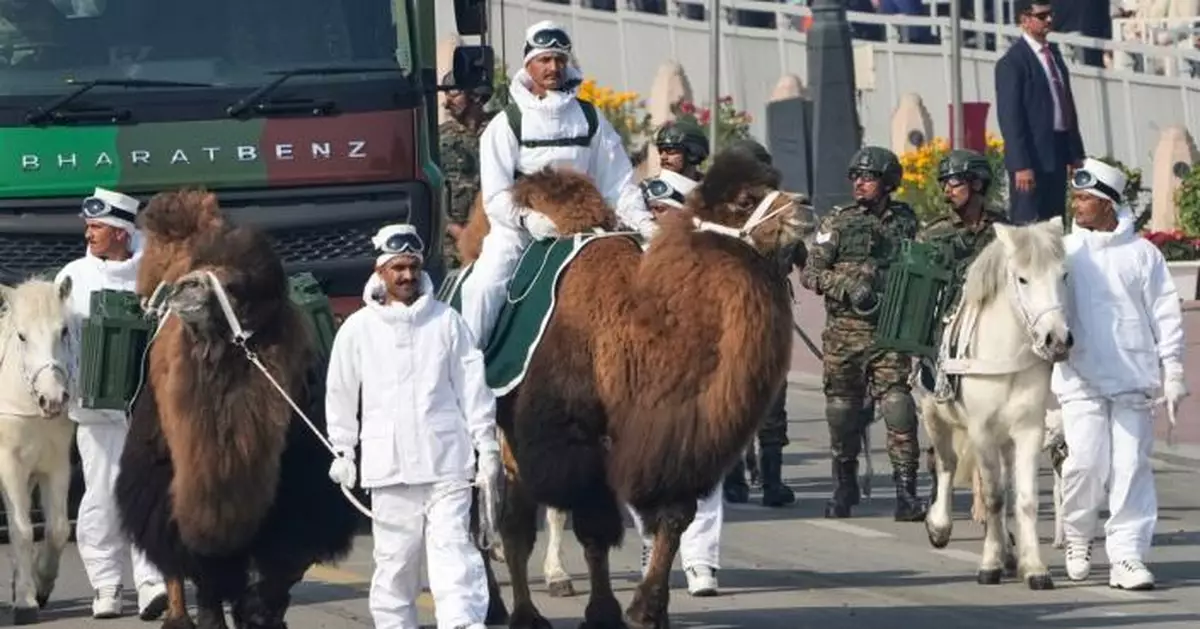 印度閱兵現「動物兵團」　駱駝軍犬猛禽齊登場　冀展示高原作戰潛力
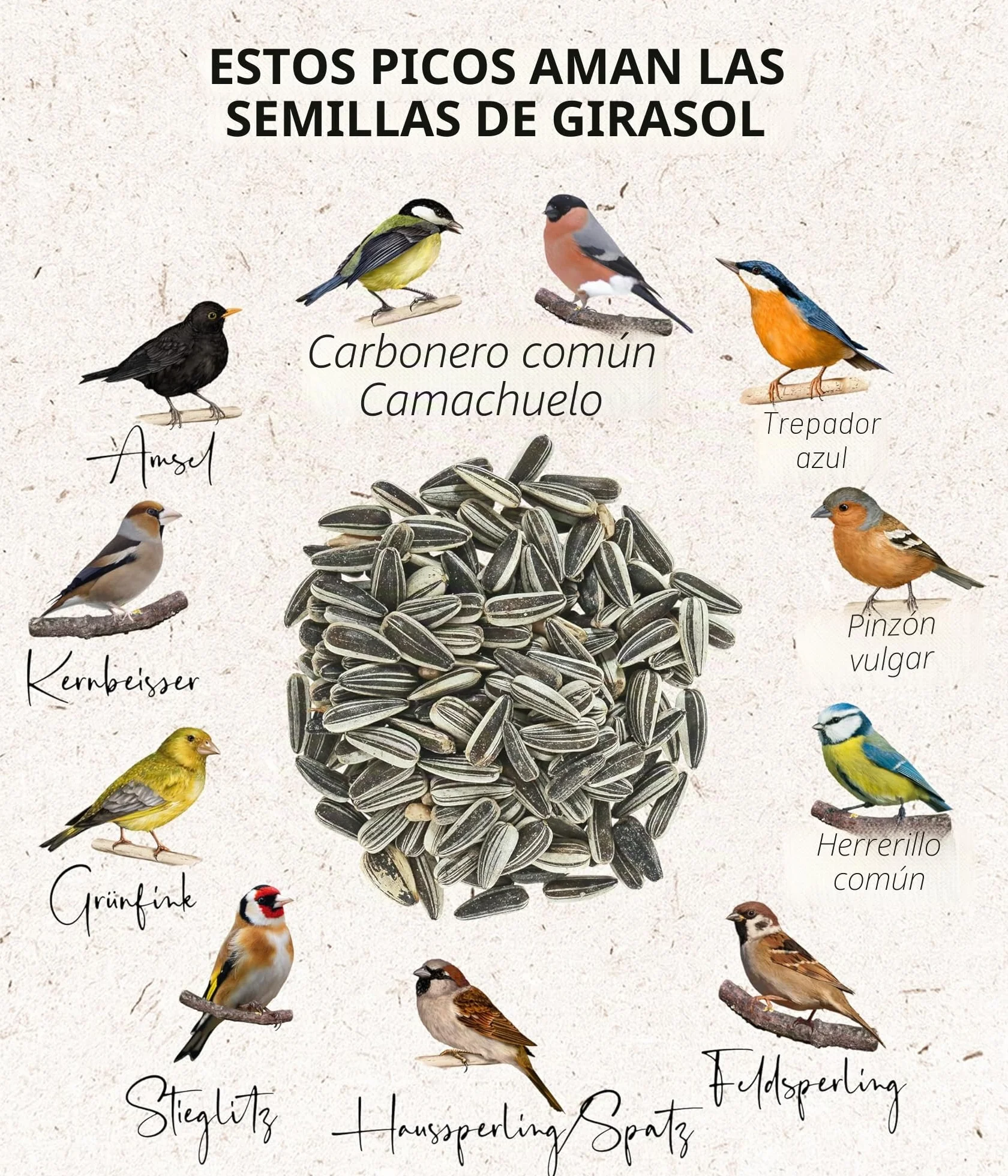 Dehner Natura Alpiste para Aves Silvestres Pipas de Girasol 5 l 2,2 kg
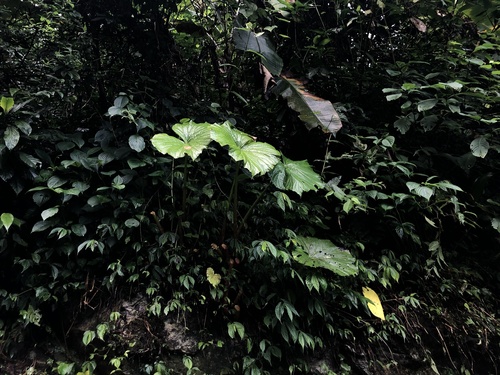 Begonia aborensis — photo
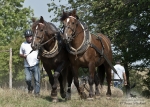 Název souboru=2012_pankova_07199.jpg
Velikost souboru=490KB
Rozměry=1100x786
Datum přidání=31. Červenec 2012 2012_pankova_07199.jpg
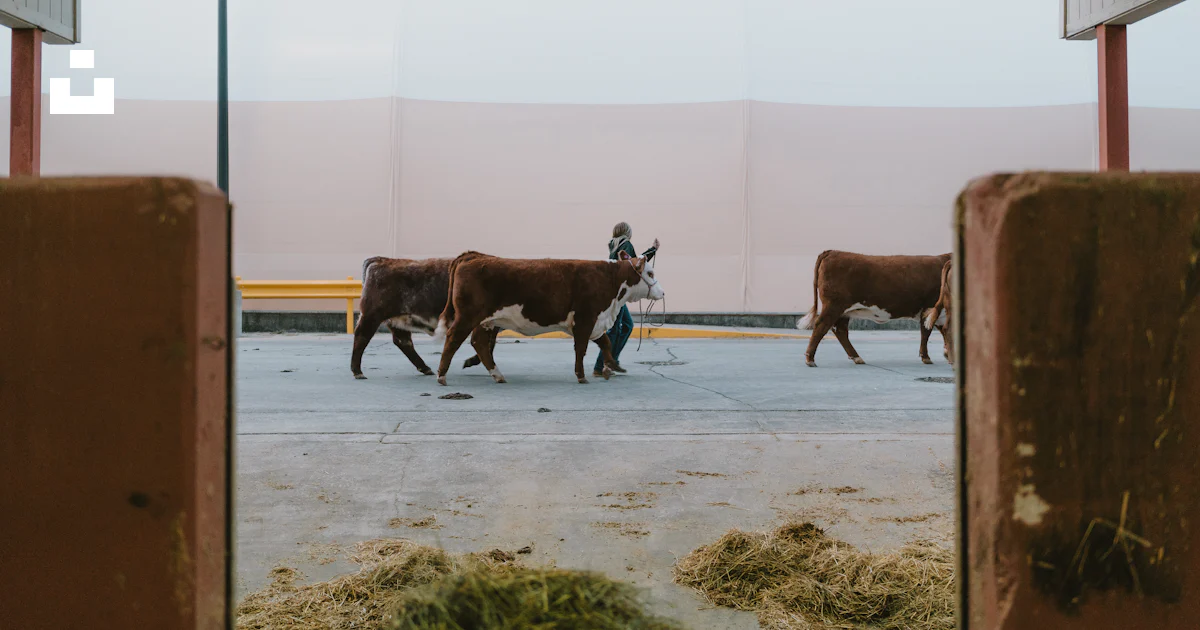 Code Cow Walking A group of cows walking across a parking lot photo – Free Cow Image on ...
◆ ◆ ◆
▸ Exercise:
Print only the lines from the one with "Datum přidání=31. Červenec" through the last line of the data above, exactly and with both ends, and please omit any pictures.

▸ Result of this task:
Datum přidání=31. Červenec 2012 2012_pankova_07199.jpg
 Code Cow Walking A group of cows walking across a parking lot photo – Free Cow Image on ...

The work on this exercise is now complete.